*** Records for this task
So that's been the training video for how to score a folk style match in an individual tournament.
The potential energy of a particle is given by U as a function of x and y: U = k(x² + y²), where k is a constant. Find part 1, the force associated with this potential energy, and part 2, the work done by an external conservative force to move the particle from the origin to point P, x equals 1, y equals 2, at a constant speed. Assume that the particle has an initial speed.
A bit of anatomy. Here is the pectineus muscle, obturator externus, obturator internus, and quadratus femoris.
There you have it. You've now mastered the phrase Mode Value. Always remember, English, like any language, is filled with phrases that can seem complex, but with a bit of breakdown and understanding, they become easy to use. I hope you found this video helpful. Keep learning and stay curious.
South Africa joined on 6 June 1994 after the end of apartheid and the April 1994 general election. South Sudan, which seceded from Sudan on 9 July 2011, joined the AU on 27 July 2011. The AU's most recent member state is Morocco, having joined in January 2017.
******
*** Records for this task
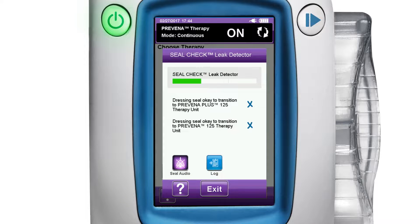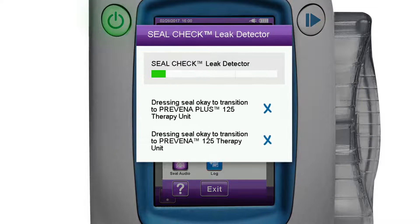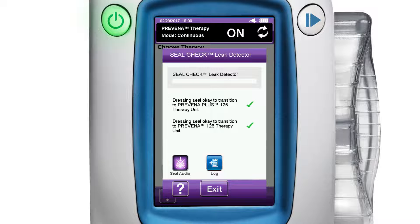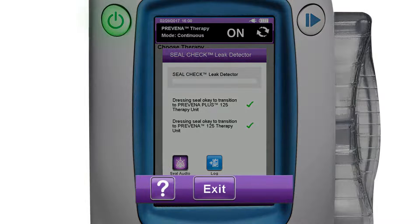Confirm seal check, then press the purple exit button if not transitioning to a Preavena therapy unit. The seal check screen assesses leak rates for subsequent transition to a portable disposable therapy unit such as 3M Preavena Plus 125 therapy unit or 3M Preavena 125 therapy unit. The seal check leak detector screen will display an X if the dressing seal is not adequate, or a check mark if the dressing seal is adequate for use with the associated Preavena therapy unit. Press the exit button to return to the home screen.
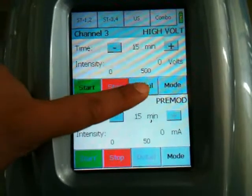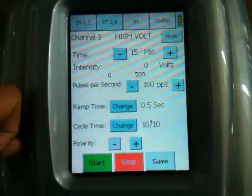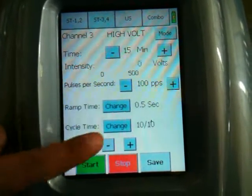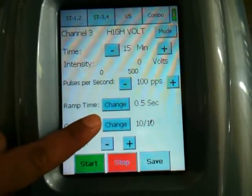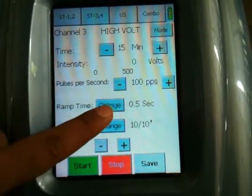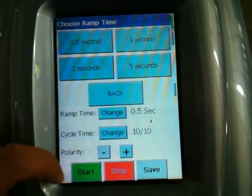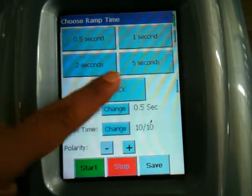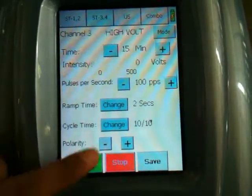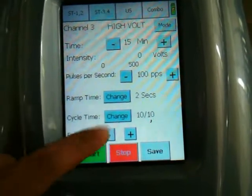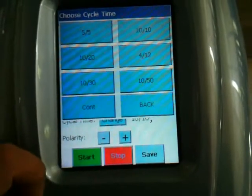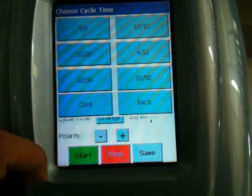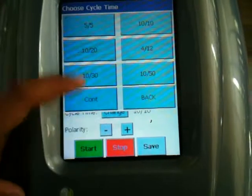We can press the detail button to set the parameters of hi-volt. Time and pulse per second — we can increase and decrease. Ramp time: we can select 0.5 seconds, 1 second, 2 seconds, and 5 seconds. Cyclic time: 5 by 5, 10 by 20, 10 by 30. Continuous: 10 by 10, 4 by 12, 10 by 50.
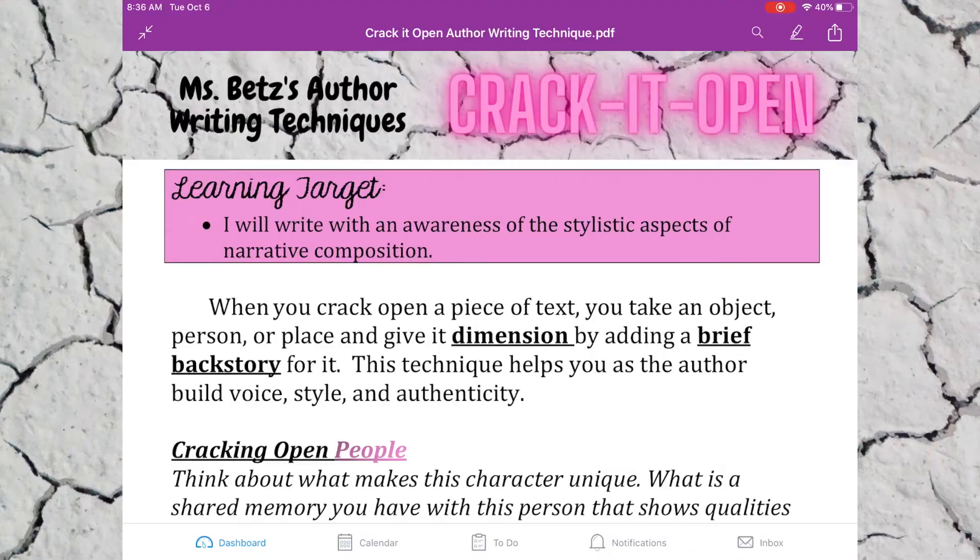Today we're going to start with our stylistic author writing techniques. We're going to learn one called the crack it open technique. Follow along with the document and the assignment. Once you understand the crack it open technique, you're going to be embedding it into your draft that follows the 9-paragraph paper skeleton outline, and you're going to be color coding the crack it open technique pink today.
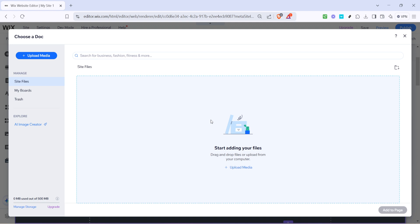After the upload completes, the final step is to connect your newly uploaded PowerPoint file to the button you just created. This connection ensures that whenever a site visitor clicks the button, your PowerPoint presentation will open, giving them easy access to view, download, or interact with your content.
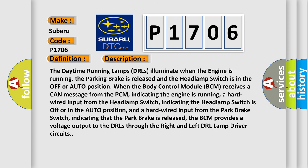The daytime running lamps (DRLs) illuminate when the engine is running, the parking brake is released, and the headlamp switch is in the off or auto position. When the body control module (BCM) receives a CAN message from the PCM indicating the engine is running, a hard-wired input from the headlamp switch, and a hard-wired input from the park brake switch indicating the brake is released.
******
[Task goal] Only one stretch of the data is wanted: write out exactly the lines from the one holding "Confirm seal check, then" through the one holding "The daytime running", both included, without the pictures.

[Your solution]
Confirm seal check, then press the purple exit button if not transitioning to a Preavena therapy unit. The seal check screen assesses leak rates for subsequent transition to a portable disposable therapy unit such as 3M Preavena Plus 125 therapy unit or 3M Preavena 125 therapy unit. The seal check leak detector screen will display an X if the dressing seal is not adequate, or a check mark if the dressing seal is adequate for use with the associated Preavena therapy unit. Press the exit button to return to the home screen.
We can press the detail button to set the parameters of hi-volt. Time and pulse per second — we can increase and decrease. Ramp time: we can select 0.5 seconds, 1 second, 2 seconds, and 5 seconds. Cyclic time: 5 by 5, 10 by 20, 10 by 30. Continuous: 10 by 10, 4 by 12, 10 by 50.
Today we're going to start with our stylistic author writing techniques. We're going to learn one called the crack it open technique. Follow along with the document and the assignment. Once you understand the crack it open technique, you're going to be embedding it into your draft that follows the 9-paragraph paper skeleton outline, and you're going to be color coding the crack it open technique pink today.
After the upload completes, the final step is to connect your newly uploaded PowerPoint file to the button you just created. This connection ensures that whenever a site visitor clicks the button, your PowerPoint presentation will open, giving them easy access to view, download, or interact with your content.
The daytime running lamps (DRLs) illuminate when the engine is running, the parking brake is released, and the headlamp switch is in the off or auto position. When the body control module (BCM) receives a CAN message from the PCM indicating the engine is running, a hard-wired input from the headlamp switch, and a hard-wired input from the park brake switch indicating the brake is released.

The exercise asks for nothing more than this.